I caught myself worshiping an Easy-Bake oven today. Perhaps that needs some explanation. 
Easy-Bake ovens have been around for years. I had one. My mom had one. The principle is simple. Follow the directions on the packet of Easy-Bake ingredients, pour it into the Easy-Bake pan, shove it in the Easy-Bake hole with the Easy-Bake stick, and watch a 75 watt light bulb do the cooking for you. After way longer than today’s child’s patience can handle, say, a whole 30 minutes, your lumpy, doughy cake emerges. Then, you get to feed it to your parents, who gleefully accept it and promptly hide it in the nearest potted plant.
Maybe these aren’t as popular as they were when I was a kid. After all, today’s girls aren’t getting trained in domesticity as much. For playtime, they get Insurance Adjuster Barbie and CEO dress up clothes. 
It’s idiot proof cooking, provided you follow all the instructions. Even then, it’s hard to mess it up. Each recipe has 2 ingredients: the mix and water (but sometimes, dirt or fingernail polish might be substituted in a pinch…it turns out about the same).
I caught myself treating God like my old Easy-Bake Oven. I wanted something: to get a specific book published. I lined up all the required ingredients, the ones that I’d read about. I prepared them exactly as directed and shoved them in the oven, expecting my perfect product to come out in the end. Instead, I didn’t get my book published. I’m still working on it, and my Easy-Bake God didn’t work it out for me.
“Why can’t it just be easy?” I found myself asking Him.
God chose to respond by reminding me of my little oven and its crappy cakes. I don’t want a God who works like that. Not only does the product stink, the process gets old in a hurry. You can only Easy Bake for so long; then you grow up and want an Electrolux.

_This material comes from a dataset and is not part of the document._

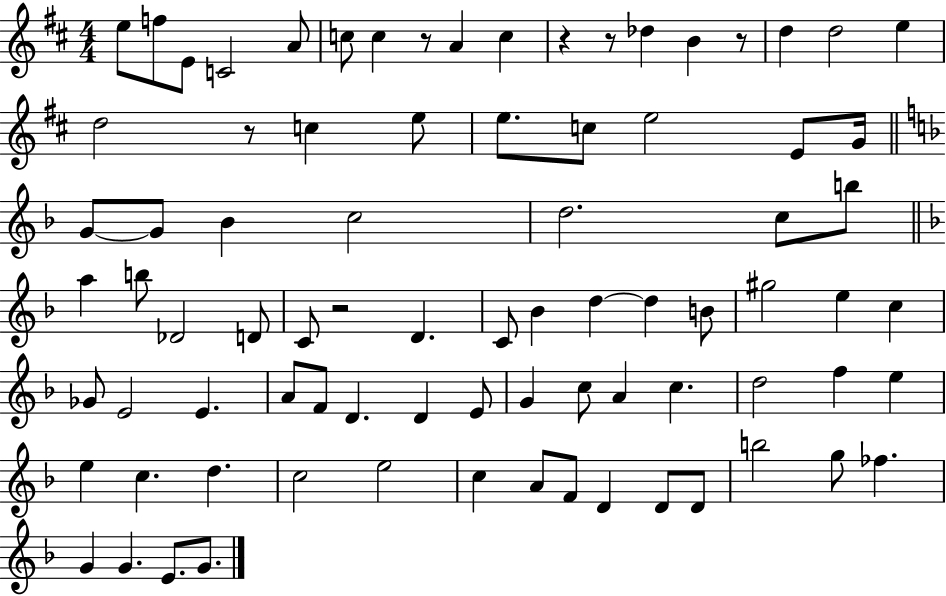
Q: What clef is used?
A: treble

God’s not going to do what I want, just because I found out the winning combination of words and actions. He’s not a kitchen appliance. He’s a father, who listens to his child, but he doesn’t give her every single little thing she asks for. And even if He does, the child often has to work hard for it.
So, when I next catch myself wanting this whole process to be easy, I’ll remember how awful those little cakes tasted, and look forward to savoring the sweet taste of success, God’s way.